* _ACTIVITY_
Skip the pictures. Output only the lines below starting at the line with "North Rhine-Westphalia 1" and ending at the line with "На пересечении улиц", both ends included, exactly as they are.

* _PROVIDED DATA_
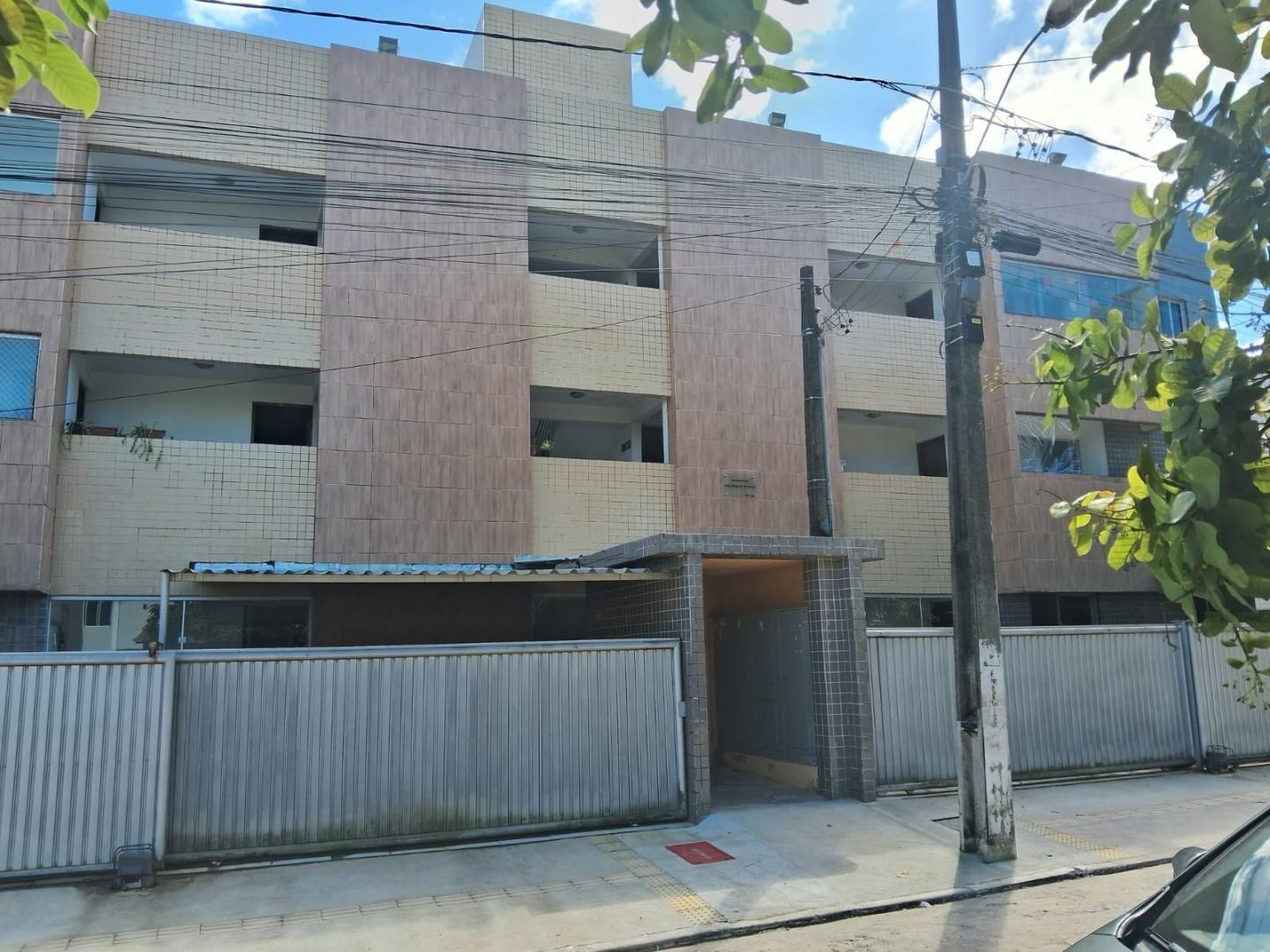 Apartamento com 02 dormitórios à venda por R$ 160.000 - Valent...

==

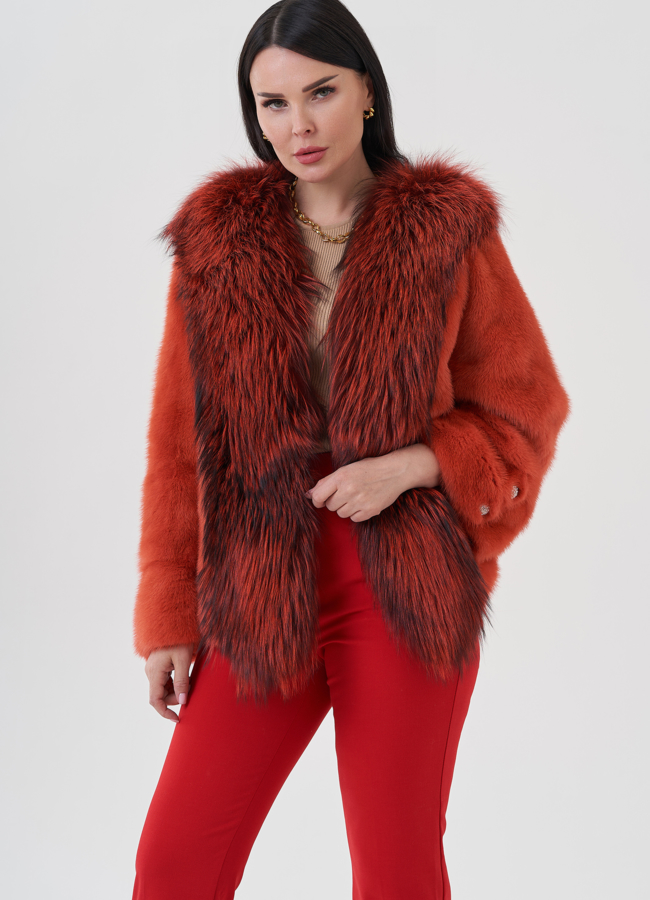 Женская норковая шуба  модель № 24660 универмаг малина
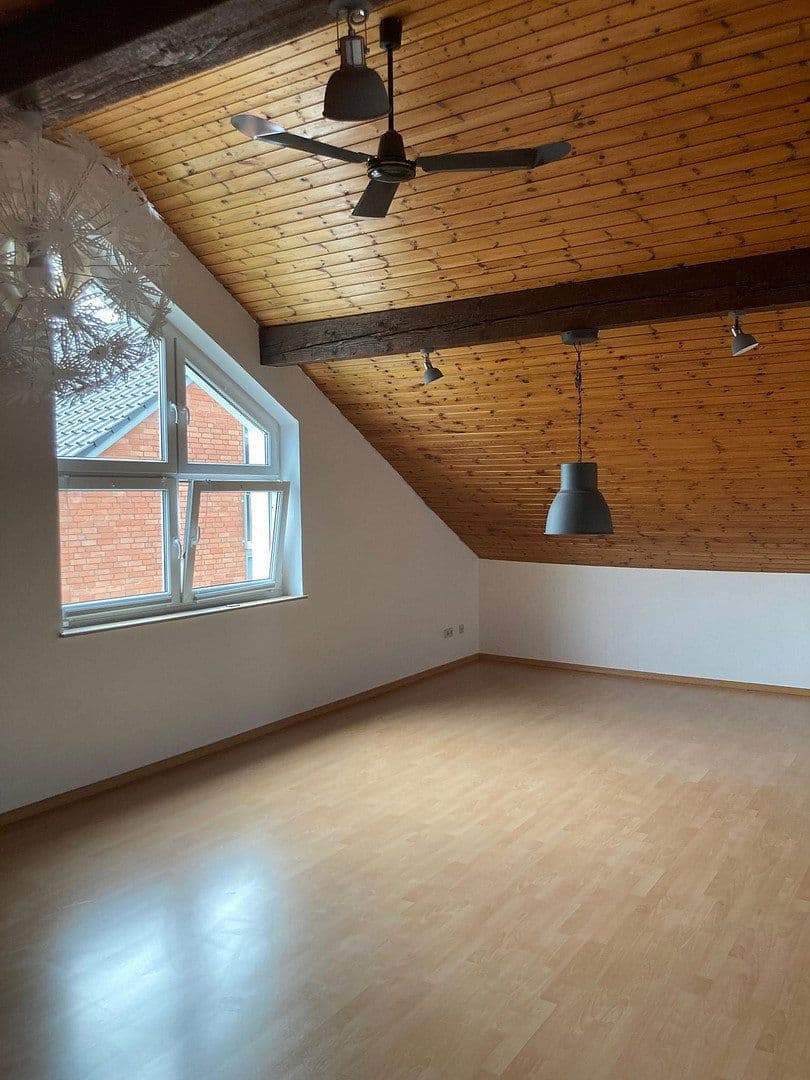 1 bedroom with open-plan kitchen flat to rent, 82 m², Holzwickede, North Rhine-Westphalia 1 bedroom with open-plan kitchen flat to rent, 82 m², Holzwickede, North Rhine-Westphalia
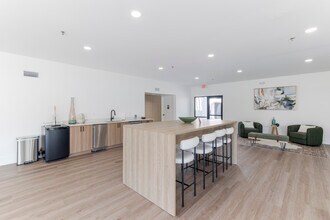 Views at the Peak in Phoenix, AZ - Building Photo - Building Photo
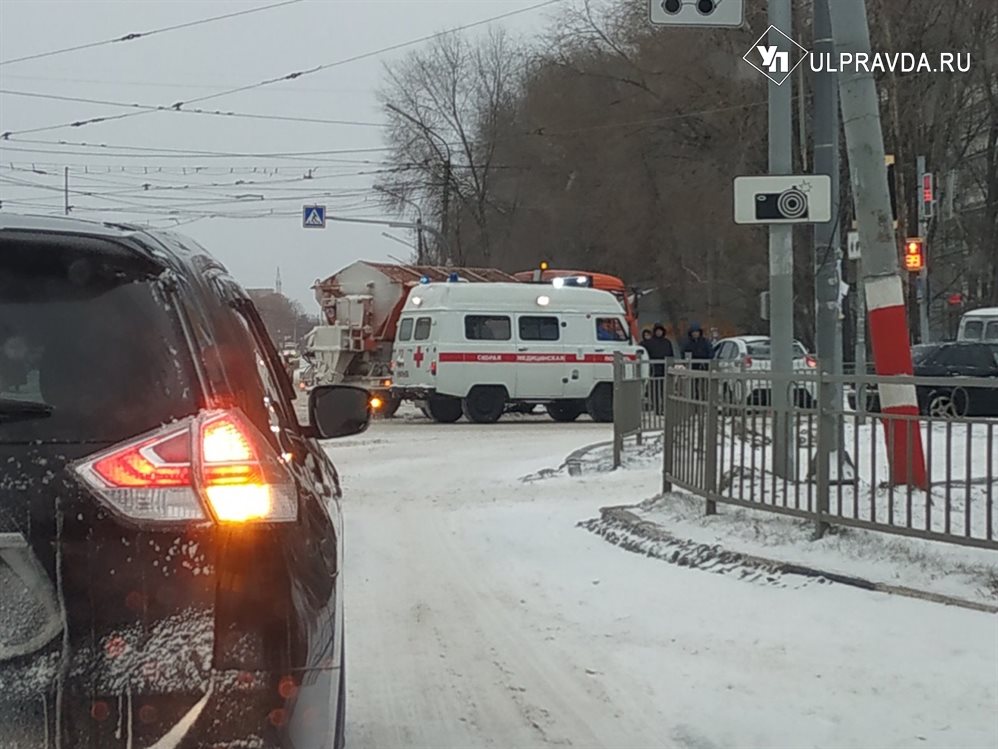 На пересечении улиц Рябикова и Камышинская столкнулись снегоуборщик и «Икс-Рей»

* _EXPECTED OUTPUT_
 1 bedroom with open-plan kitchen flat to rent, 82 m², Holzwickede, North Rhine-Westphalia 1 bedroom with open-plan kitchen flat to rent, 82 m², Holzwickede, North Rhine-Westphalia
 Views at the Peak in Phoenix, AZ - Building Photo - Building Photo
 На пересечении улиц Рябикова и Камышинская столкнулись снегоуборщик и «Икс-Рей»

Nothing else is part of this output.